··· Dataset records

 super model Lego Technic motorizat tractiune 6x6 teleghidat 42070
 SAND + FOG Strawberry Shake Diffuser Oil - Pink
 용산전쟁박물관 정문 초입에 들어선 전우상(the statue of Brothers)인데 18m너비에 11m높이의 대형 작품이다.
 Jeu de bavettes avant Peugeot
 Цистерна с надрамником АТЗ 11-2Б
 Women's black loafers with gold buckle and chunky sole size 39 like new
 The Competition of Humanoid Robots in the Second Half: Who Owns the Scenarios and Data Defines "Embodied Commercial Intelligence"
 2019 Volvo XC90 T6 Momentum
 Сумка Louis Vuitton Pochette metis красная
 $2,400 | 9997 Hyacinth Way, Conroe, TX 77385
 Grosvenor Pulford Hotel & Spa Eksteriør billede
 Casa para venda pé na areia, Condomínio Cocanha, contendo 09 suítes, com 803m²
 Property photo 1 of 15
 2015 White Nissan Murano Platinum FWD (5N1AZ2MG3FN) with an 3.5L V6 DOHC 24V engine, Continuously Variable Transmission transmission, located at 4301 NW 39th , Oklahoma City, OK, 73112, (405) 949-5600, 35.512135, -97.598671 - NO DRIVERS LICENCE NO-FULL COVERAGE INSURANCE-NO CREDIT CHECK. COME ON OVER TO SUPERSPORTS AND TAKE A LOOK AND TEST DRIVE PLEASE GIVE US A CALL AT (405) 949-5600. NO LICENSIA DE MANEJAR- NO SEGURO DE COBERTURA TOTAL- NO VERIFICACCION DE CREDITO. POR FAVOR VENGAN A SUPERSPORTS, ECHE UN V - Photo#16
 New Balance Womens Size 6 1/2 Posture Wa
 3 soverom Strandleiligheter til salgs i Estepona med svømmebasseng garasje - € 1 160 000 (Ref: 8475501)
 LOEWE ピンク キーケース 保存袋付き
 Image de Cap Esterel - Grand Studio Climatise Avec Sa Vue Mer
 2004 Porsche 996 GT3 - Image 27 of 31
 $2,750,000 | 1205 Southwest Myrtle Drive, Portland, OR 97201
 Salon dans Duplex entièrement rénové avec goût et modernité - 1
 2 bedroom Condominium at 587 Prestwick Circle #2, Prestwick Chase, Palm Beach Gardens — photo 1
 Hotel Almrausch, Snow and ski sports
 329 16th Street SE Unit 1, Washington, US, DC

······

● Exercise objective:
In the listing above, locate the line containing "New Balance Womens Size 6 1/2 Posture Wa" and the line containing "Image de Cap". Transcribe those two lines and everything between them, exactly as written.

● Written answer:
 New Balance Womens Size 6 1/2 Posture Wa
 3 soverom Strandleiligheter til salgs i Estepona med svømmebasseng garasje - € 1 160 000 (Ref: 8475501)
 LOEWE ピンク キーケース 保存袋付き
 Image de Cap Esterel - Grand Studio Climatise Avec Sa Vue Mer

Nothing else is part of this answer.